Action item:
When copying the data below, keep only the lines from the one with "ФОТО Кронштейн кріплення" through the one with "Used 2021 Chevrolet Colorado LT image 29", word for word, and skip the pictures.

Data for this task:

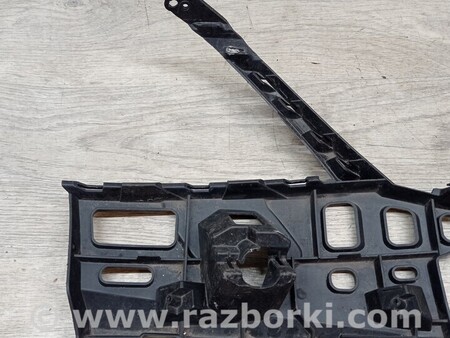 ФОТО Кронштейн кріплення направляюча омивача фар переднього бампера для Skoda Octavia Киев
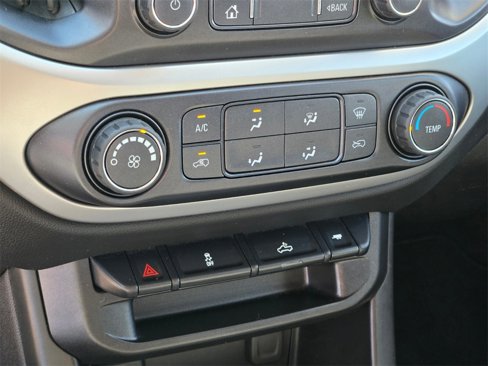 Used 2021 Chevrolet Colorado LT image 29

---

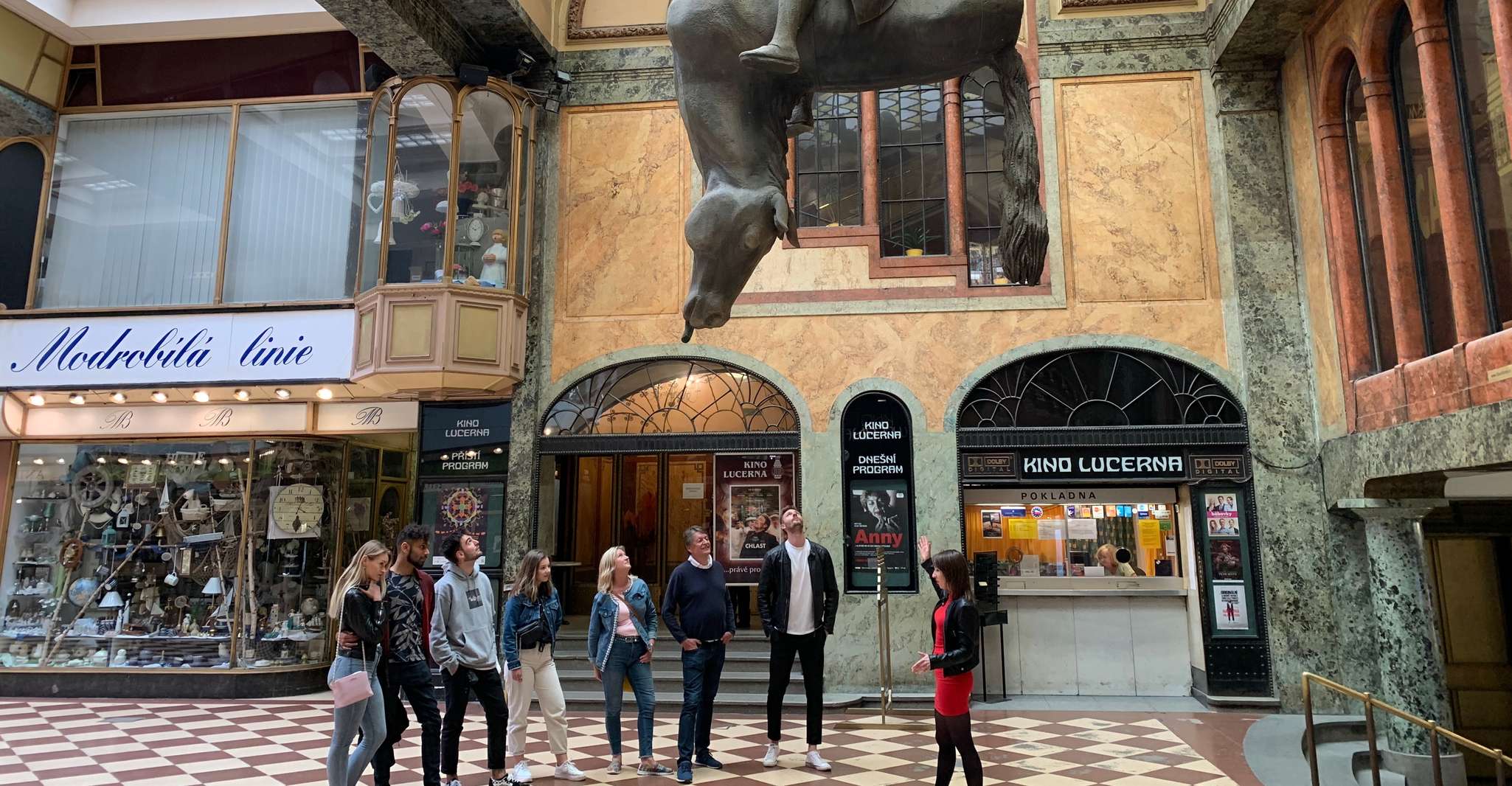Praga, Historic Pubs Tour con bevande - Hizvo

Output:
 ФОТО Кронштейн кріплення направляюча омивача фар переднього бампера для Skoda Octavia Киев
 Used 2021 Chevrolet Colorado LT image 29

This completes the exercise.